La visione del Napoleon di Gance è tanto appagante quanto estenuante nella sua versione di più di 5 ore del restauro Brownlow.

Si tratta del kolossal che rappresenta il massimo risultato raggiunto dalla tecnica cinematografica nei trent’anni del cinema muto. Se Birth of a nation rappresentò la svolta e con quella l’inizio del linguaggio cinematografico vero e proprio uscendo dall’impasse dell’inquadratura fissa e dalla ripresa in studio che poco si discostava dalle recrudescenze teatrali, Napoleon ne rappresenta l’apoteosi e la massima espressione (dopo ci sarà la nuova svolta dell’avvento del sonoro ma quella è un’altra storia). Gance armonizza un paio di decenni di ricerche e novità nel campo mettendo assieme Griffith con il kolossal all’italiana e la monumentalità di un De Mille, la poesia del cinema nordico con le ricerche in ambito architettonico e paesaggistico del cinema tedesco e dei western americani. Il tutto frullato con la modernità del cinema d’avanguardia francese e ampliando le innovazioni tecnologiche (ad esempio legando la macchina da presa sul dorso di un cavallo o ad un oscillante pendolo gigante).

Analizzare puntualmente l’opera di Gance occuperebbe spazi talmente ampi che sicuramente Dy’s news non può permettersi. Ci limitiamo qui ad alcune suggestioni.

Il film nella versione restaurata è diviso in due parti. La prima della lunghezza di due ore e cinquanta minuti mostra l’infanzia di Napoleone, ragazzino isolato dagli altri ma già con grandi propensioni al comando e alla ribellione; il periodo rivoluzionario che Napoleone passa in disparte rispetto ai tre “dèi” Danton, Marat, Robespierre; il ritorno in Corsica in cui con la famiglia scatena l’opposizione a Paoli, colui che vuole “vendere” l’isola all’Inghilterra, ed è per questo costretto alla fuga; infine l’assedio di Tolone la cui vittoria dà a Napoleone fama per la prima impresa ottenuta grazie alle sue strategie e al suo coraggio militare.

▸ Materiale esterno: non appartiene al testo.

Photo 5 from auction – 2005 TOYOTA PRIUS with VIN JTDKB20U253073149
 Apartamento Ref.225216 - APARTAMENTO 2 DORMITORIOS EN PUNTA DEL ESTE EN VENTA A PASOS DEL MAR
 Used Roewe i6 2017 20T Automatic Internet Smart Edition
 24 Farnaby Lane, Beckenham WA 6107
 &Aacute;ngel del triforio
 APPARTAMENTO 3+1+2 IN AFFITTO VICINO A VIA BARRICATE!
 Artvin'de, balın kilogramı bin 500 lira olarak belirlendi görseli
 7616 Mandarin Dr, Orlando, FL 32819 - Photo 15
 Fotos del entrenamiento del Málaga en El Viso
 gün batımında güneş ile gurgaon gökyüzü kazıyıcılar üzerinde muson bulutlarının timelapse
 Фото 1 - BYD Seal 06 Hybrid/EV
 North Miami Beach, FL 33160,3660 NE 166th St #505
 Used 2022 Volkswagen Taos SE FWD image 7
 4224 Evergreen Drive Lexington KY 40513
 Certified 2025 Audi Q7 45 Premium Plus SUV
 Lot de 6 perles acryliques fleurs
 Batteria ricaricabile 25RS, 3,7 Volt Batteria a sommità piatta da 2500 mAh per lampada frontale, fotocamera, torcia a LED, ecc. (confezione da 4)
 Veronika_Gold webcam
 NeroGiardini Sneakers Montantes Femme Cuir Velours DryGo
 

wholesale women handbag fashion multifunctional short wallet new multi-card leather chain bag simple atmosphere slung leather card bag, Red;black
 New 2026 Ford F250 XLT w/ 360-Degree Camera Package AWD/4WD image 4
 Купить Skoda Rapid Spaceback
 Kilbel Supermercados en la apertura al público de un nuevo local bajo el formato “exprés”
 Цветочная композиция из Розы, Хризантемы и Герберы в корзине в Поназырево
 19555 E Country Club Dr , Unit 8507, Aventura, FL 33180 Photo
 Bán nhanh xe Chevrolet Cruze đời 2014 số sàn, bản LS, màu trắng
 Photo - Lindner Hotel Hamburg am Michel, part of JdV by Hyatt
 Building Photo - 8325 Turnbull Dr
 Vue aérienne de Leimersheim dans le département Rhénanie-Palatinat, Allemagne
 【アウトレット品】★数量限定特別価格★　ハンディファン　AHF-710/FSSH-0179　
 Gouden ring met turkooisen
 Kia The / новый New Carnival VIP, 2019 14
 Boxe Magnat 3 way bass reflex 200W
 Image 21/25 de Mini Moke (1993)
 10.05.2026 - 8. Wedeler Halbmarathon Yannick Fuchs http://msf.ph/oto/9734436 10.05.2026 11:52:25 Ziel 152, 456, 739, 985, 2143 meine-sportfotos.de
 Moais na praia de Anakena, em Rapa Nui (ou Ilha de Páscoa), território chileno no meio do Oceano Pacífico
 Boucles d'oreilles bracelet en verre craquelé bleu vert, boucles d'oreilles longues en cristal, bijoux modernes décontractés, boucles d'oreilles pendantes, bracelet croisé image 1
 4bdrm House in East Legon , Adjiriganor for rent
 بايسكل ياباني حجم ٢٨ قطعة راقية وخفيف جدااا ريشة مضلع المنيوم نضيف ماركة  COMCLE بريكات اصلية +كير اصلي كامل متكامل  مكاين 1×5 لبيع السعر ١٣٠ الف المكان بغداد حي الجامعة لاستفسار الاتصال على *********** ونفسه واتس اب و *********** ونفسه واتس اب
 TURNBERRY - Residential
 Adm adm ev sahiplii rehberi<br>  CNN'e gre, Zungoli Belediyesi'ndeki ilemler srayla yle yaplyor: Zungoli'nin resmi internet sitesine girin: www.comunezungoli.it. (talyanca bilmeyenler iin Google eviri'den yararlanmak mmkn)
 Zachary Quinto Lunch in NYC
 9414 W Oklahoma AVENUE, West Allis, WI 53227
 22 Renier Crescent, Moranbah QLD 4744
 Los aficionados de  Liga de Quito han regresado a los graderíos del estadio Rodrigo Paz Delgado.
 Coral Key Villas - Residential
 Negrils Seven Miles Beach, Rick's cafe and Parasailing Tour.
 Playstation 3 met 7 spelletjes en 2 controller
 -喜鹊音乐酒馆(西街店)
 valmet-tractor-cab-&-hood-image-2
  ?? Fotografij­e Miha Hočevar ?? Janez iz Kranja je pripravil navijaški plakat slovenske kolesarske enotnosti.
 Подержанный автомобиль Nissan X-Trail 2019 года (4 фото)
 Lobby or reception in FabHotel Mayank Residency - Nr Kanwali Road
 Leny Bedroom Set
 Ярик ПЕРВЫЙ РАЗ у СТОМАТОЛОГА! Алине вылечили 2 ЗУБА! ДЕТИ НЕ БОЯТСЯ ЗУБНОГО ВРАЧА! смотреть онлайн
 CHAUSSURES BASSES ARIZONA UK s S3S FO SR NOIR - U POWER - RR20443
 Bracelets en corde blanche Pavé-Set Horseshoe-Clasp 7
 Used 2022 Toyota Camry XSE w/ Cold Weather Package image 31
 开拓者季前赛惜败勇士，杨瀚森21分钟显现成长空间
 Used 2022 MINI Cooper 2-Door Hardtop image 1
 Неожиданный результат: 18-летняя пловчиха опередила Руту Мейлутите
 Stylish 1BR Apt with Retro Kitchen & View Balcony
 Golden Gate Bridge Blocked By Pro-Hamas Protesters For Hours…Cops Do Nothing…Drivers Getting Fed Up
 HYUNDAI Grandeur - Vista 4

Con sovrapposizioni e split screen Gance vivacizza l’episodio infantile della vita del futuro imperatore raggiungendo livelli di osservazione della fase di crescita che richiama il realismo di Crainquebille, Pel di carota, Gribiche. In quello “rivoluzionario” riesce a gestire la folla dell’assemblea popolare con perizia di movimenti di macchina, montaggio rapido alla Epstein e richiamando il cinema sovietico. Nei capitoli della rivoluzione corsa e della presa di Tolone invece organizza gli spazi e gira in scenari naturali con la maestria di un Ince e utilizza a fini artistici gli elementi e gli agenti atmosferici con la perizia visionaria di un Murnau (penso al paesaggio brullo della Corsica; alle corse di cavallo sulla nuda terra; alla traversata del Mediterraneo con tempesta e grosse onde in montaggio alternato con il terrore che va ad instaurarsi nella madre terra, là dove la tempesta sarà ancora più devastante; alla battaglia alle porte di Tolone in mezzo a pioggia e fango).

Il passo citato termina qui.